The rewritten formulas will clarify the scenario when buses are de-energized in contingency analyses and align the protocols with ERCOT systems. For the day-ahead and CRR calculations, the LMP of the hub bus is the simple average of the LMPs for each energized power flow bus in the hub. If all power flow buses within a hub bus are de-energized, the LMP does not include the de-energized hub bus. If power flow buses are de-energized under a contingency, the disconnected megawatts are redistributed among the remaining energized buses.

Staff designated the NPRR as urgent and said it would be implemented as soon as possible following board approval.

The TAC also unanimously approved three other NPRRs, two system-change requests (SCRs) and a change to the retail market guide (RMGRR):

  • NPRR858: Requires ERCOT to publish all current operating plans (COPS) data that are submitted by generators, once its confidentiality has expired, a change from the limited subset currently available. The change provides transparency into all intra-hour updates to COPS data, as generators can update them at any time and change aggregate information available to the market.
  • NPRR864: Modifies the RUC engine to scale down commitment costs of fast-start resources with less than one-hour starts. Following the change, the RUC engine will recommend slow-start resource commitments only if redispatching online resources and market-based self-commitments of fast-start resources will not resolve the reliability issue. With the change in the generation portfolio, market-based commitment decisions could be made much closer to real time than in the past, allowing more self-commitments to materialize in real time than is reflected in COPS many hours earlier.
  • NPRR865: Requires ERCOT to publish shift factors for hubs, load zones and DC ties for the real-time market, mimicking the day-ahead market’s current practice and providing more information on the inputs used to calculate pricing aggregations.
  • SCR793: Gives transmission service providers access to the same ERCOT-generated status telemetry as the ISO’s operators in monitoring line outages with calculated subsynchronous resonance condition monitoring points.
  • SCR795: Updates the resource limit calculator’s formula for calculating dispatched generation by including the addition of a predicted five-minute wind ramp (PWRR).

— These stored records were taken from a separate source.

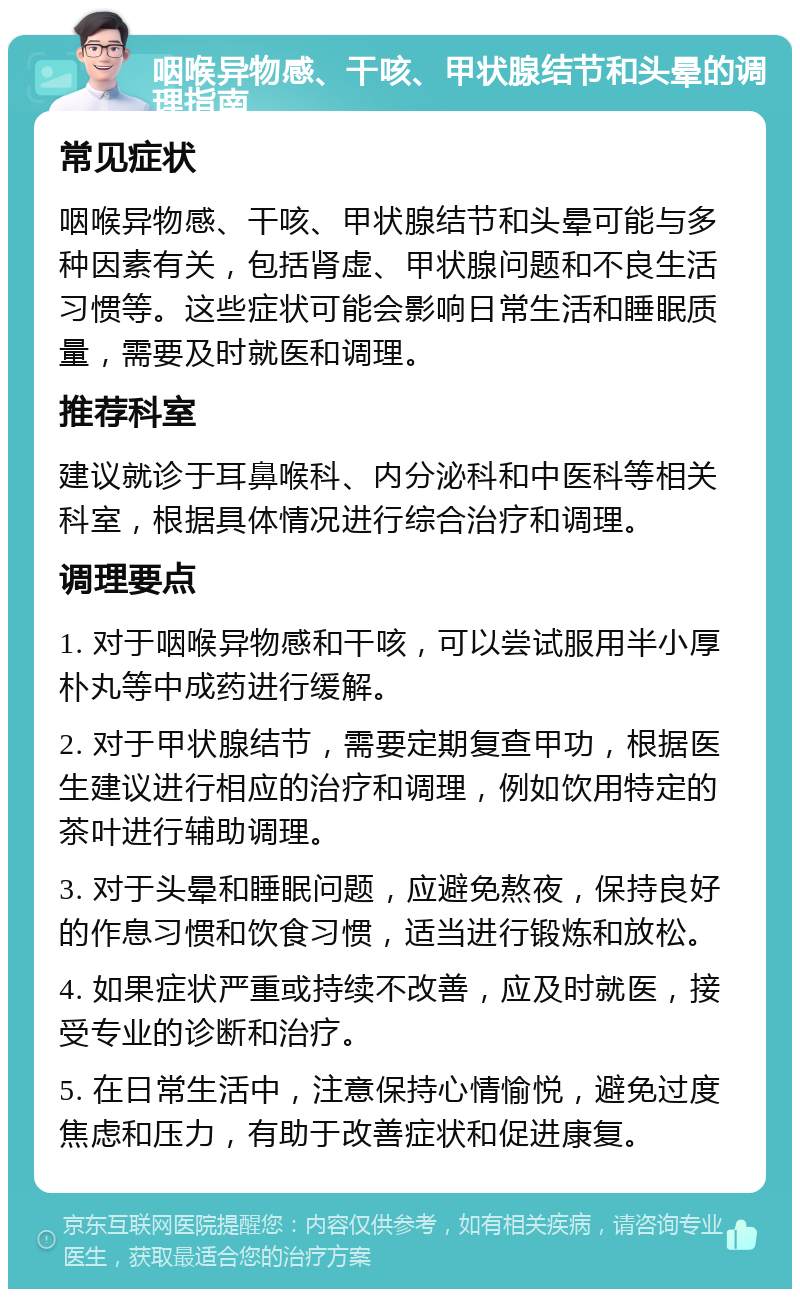 咽喉异物感、干咳、甲状腺结节和头晕的调理指南 常见症状 咽喉异物感、干咳、甲状腺结节和头晕可能与多种因素有关，包括肾虚、甲状腺问题和不良生活习惯等。这些症状可能会影响日常生活和睡眠质量，需要及时就医和调理。 推荐科室 建议就诊于耳鼻喉科、内分泌科和中医科等相关科室，根据具体情况进行综合治疗和调理。 调理要点 1. 对于咽喉异物感和干咳，可以尝试服用半小厚朴丸等中成药进行缓解。 2. 对于甲状腺结节，需要定期复查甲功，根据医生建议进行相应的治疗和调理，例如饮用特定的茶叶进行辅助调理。 3. 对于头晕和睡眠问题，应避免熬夜，保持良好的作息习惯和饮食习惯，适当进行锻炼和放松。 4. 如果症状严重或持续不改善，应及时就医，接受专业的诊断和治疗。 5. 在日常生活中，注意保持心情愉悦，避免过度焦虑和压力，有助于改善症状和促进康复。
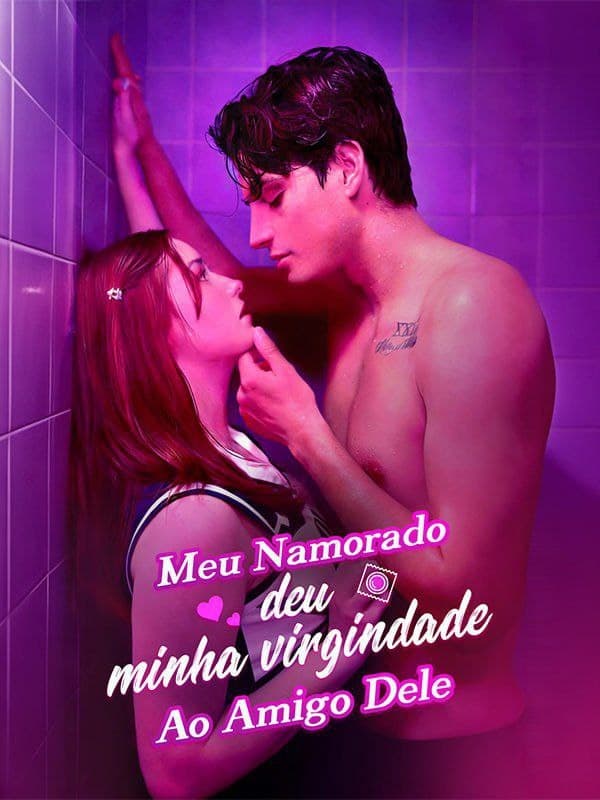Capa de MEU NAMORADO DEU MINHA VIRGINDADE AO AMIGO DELE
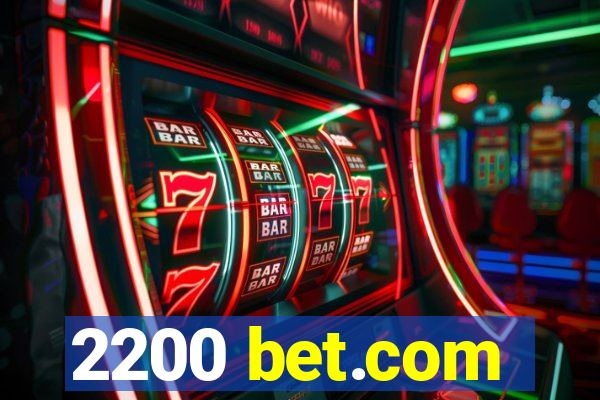 2200 bet.com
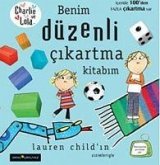 Charlie ve Lola Benim Düzenli Cikartma Kitabim Charlie ve Lola Benim Düzenli Cikartma Kitabim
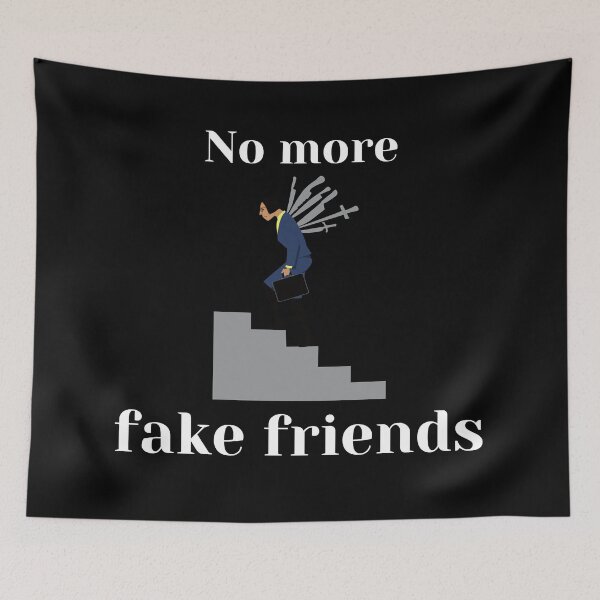 Item preview, Fake friends designed and sold by CecileMJ.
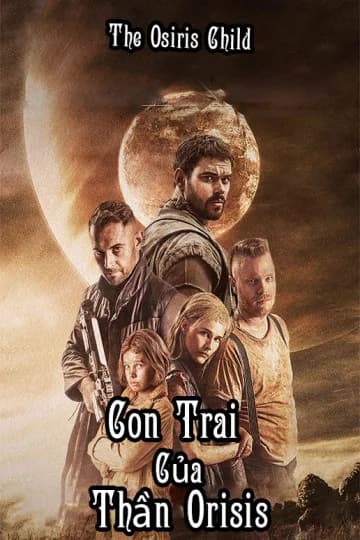 Poster phim Con Trai Của Thần Orisis (2016)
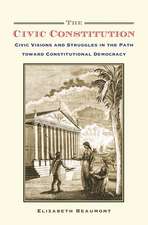 The Civic Constitution: Civic Visions and Struggles in the Path toward Constitutional Democracy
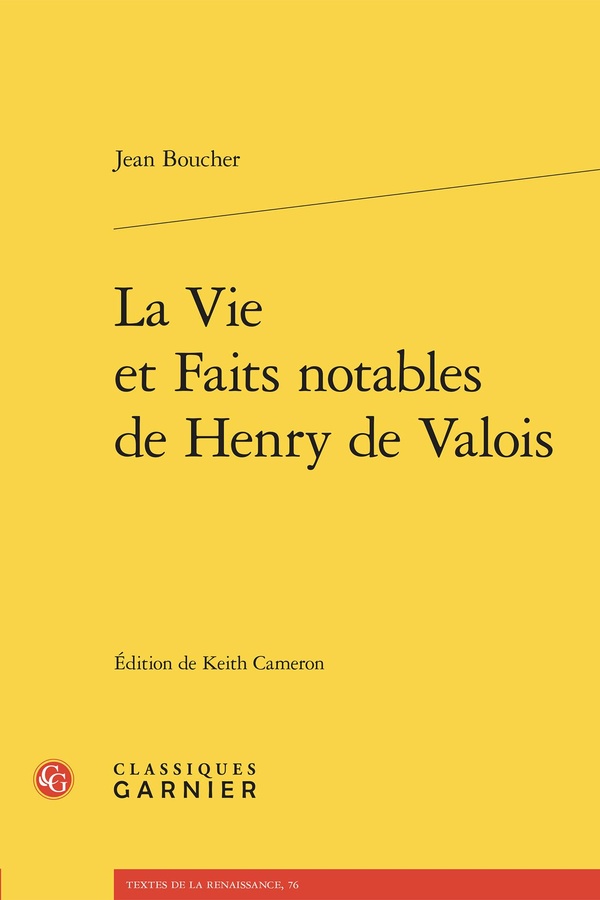 LA VIE ET FAITS NOTABLES DE HENRY DE VALOIS
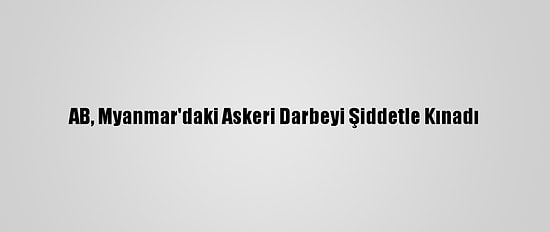AB, Myanmar'daki Askeri Darbeyi Şiddetle Kınadı
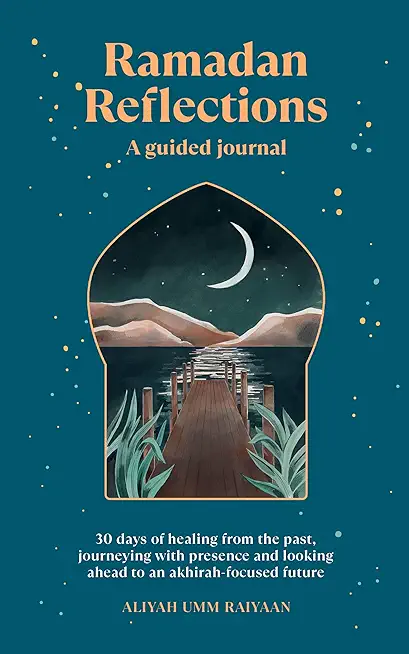 Ramadan Reflections: A Guided Journal: 30 Days of Healing from Your Past, Being Present and Looking Ahead to an Akhirah-Focused Future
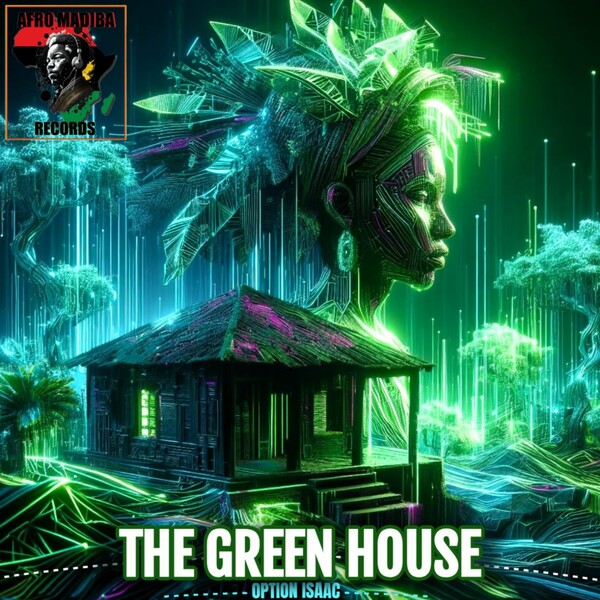 Option Isaac - The Green House on AFRO MADIBA RECORDS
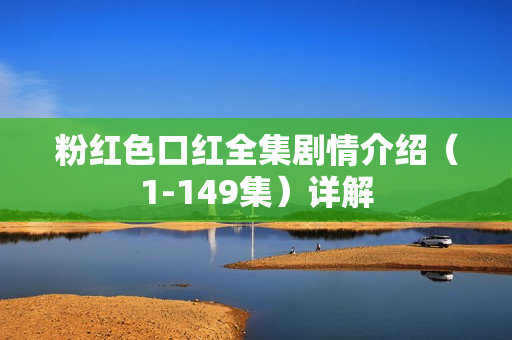 粉红色口红全集剧情介绍（1-149集）详解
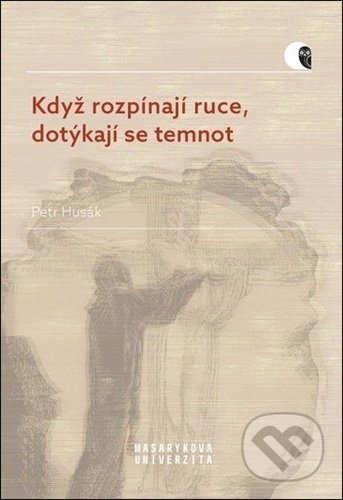Kniha: Když rozpínají ruce, dotýkají se temnot (Petr Husák). Muni Press, 2022 Kniha: Když rozpínají ruce, dotýkají se temnot (Petr Husák). Muni Press, 2022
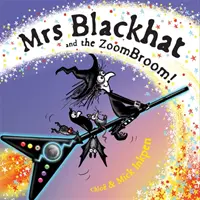 Doamna Blackhat și Zoombroom - Mrs Blackhat and the Zoombroom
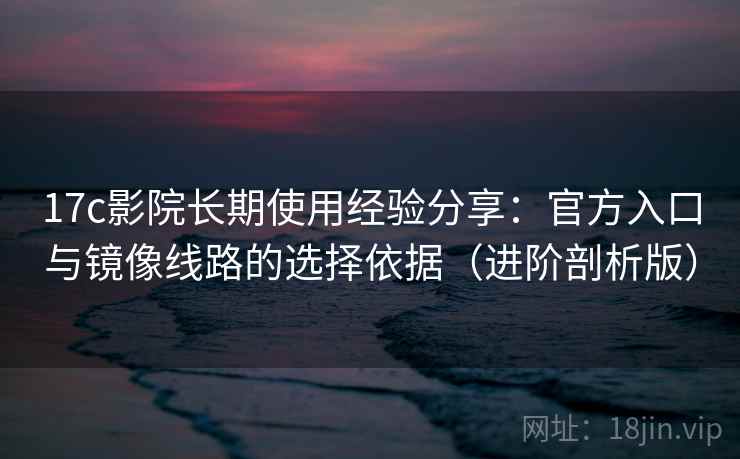 17c影院长期使用经验分享：官方入口与镜像线路的选择依据（进阶剖析版）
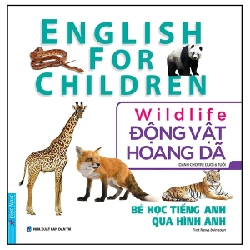 Bé Học Tiếng Anh Qua Hình ảnh - English For Children - Động Vật Hoang Dã - Wildlife - First News (Mới 100%) Tiếng Anh, First News - SÁCH ĐẠI HỌC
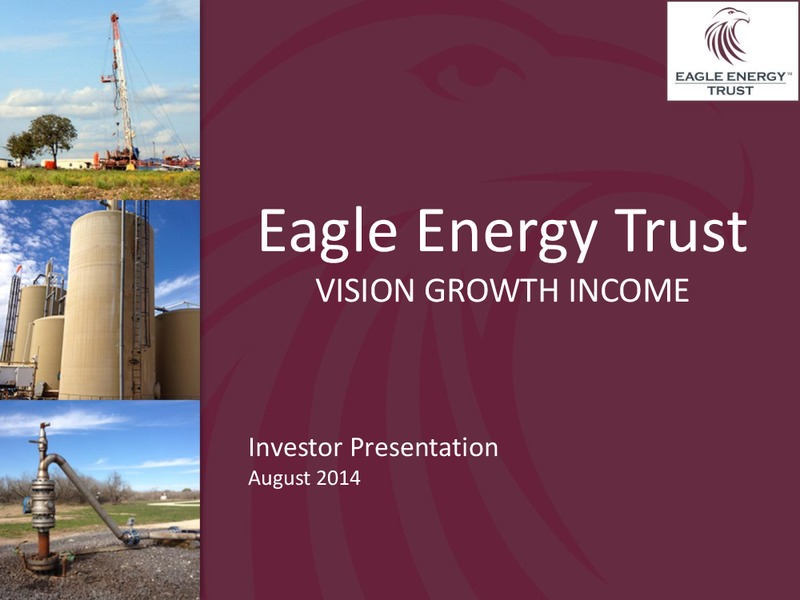 Investor Presentation – Eagle Energy Trust – slide 1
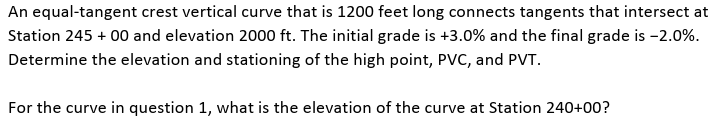 An equal - tangent crest vertical curve that is 1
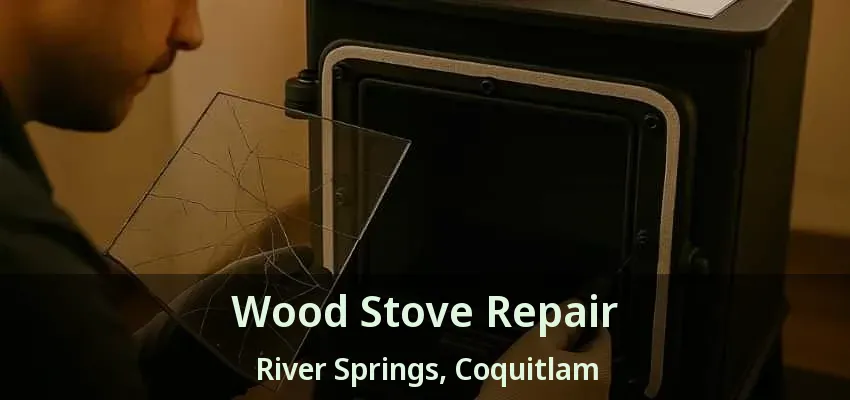 Wood Stove Repair River Springs, Coquitlam - BC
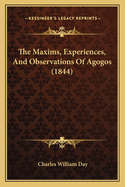 The Maxims, Experiences, and Observations of Agogos (1844)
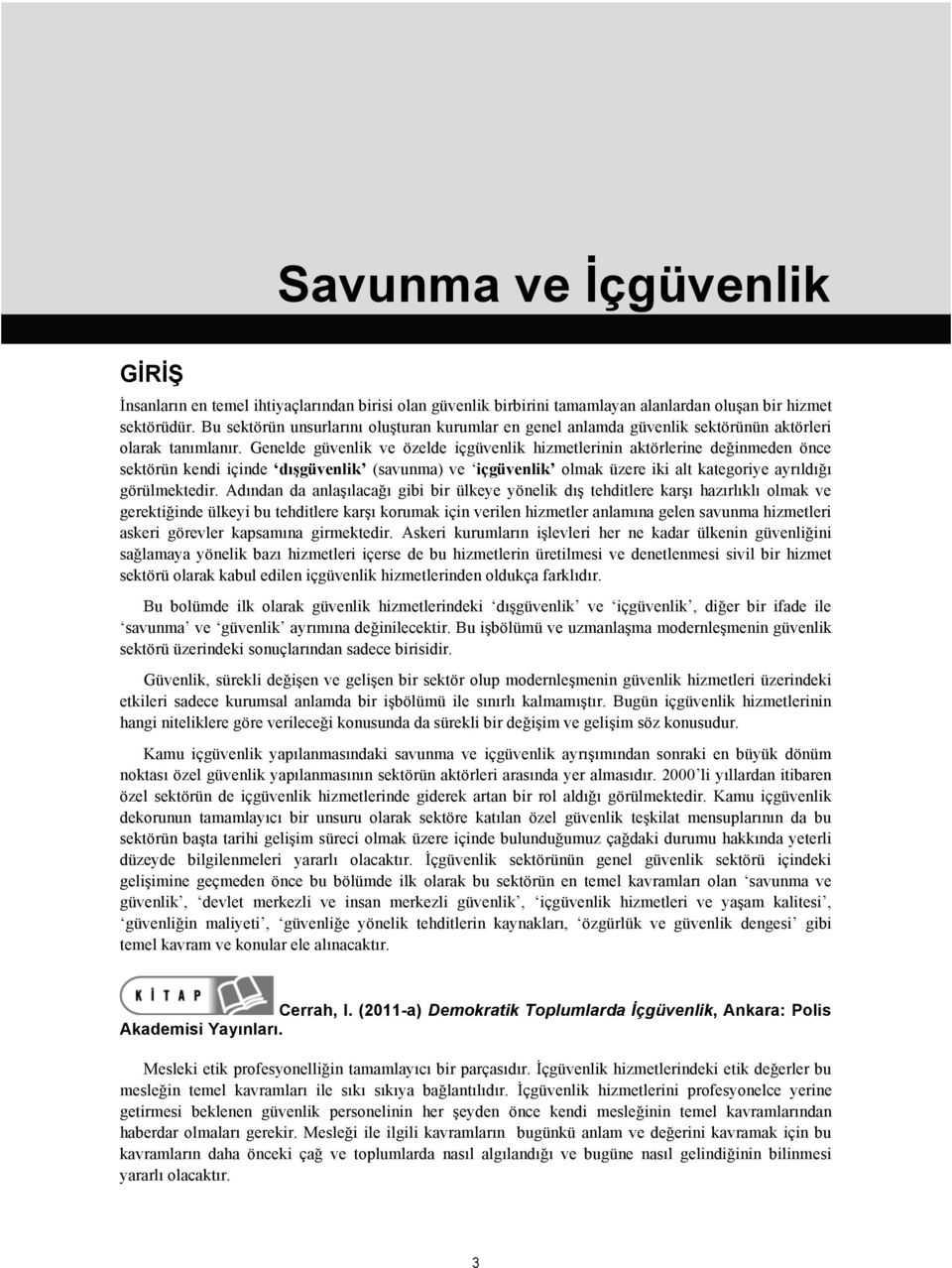 Genelde güvenlik ve özelde içgüvenlik hizmetlerinin aktörlerine değinmeden önce sektörün kendi içinde dışgüvenlik (savunma) ve içgüvenlik olmak üzere iki alt kategoriye ayrıldığı görülmektedir.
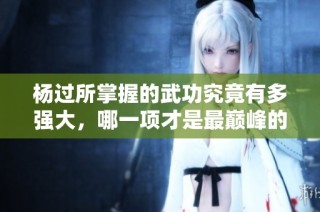 杨过所掌握的武功究竟有多强大，哪一项才是最巅峰的绝技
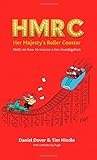 HMRC - Her Majesty's roller coaster : hints on how to survive a tax investigation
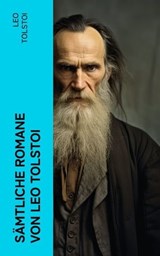 Sämtliche Romane von Leo Tolstoi - Leo Tolstoi - 4066339577718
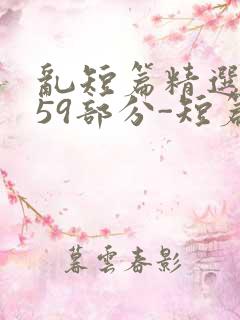 乱短篇精选-第59部分-短篇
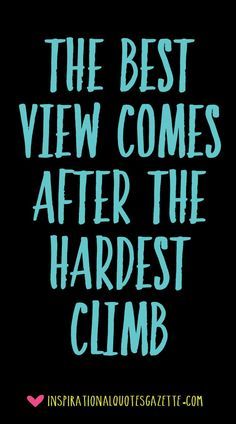 the best view comes after the hardest climb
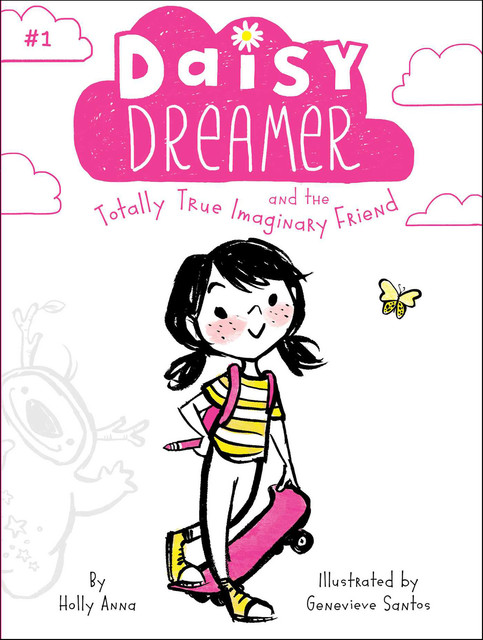 Daisy Dreamer and the Totally True Imaginary Friend, Holly Anna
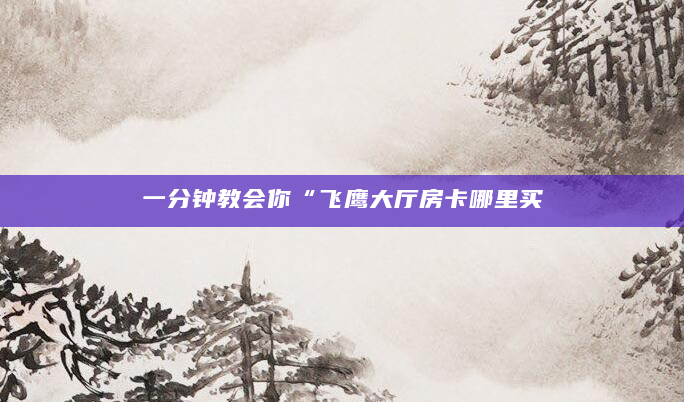 一分钟教会你“飞鹰大厅房卡哪里买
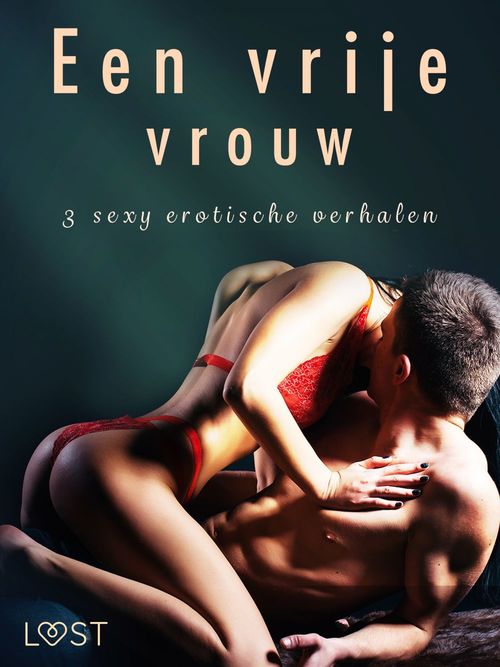 Couverture ebook de Een vrije vrouw - 3 sexy erotische verhalen, de Lust  Authors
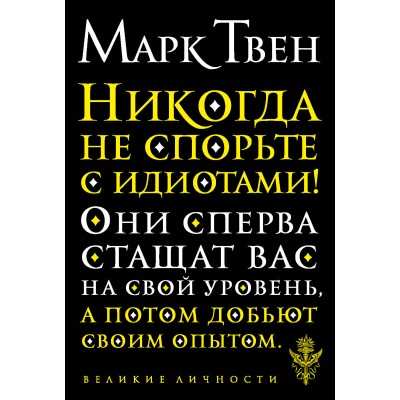 Никогда не спорьте с идиотами!. М. Твен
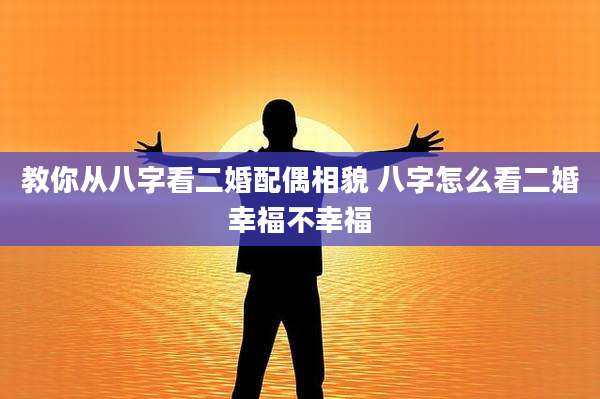 教你从八字看二婚配偶相貌 八字怎么看二婚幸福不幸福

The PWRR will be calculated from the intra-hour wind forecast and a configurable factor to capture the forecasted five-minute wind ramp, relieving regulation service’s burden to cover the five-minute gain or loss of generation from variations in wind, and instead dispatch this energy economically.
  • RMGRRR0150: Clarifies the content and format of the competitive retailer safety net spreadsheet within the market guide and removes Section 9, Appendix A1: Competitive Retailer Safety Net Request, which eliminates conflicts between the appendix and language found in Sections 7.4 (Safety Nets) and 7.10 (Emergency Operating Procedures for Extended Unplanned System Outages).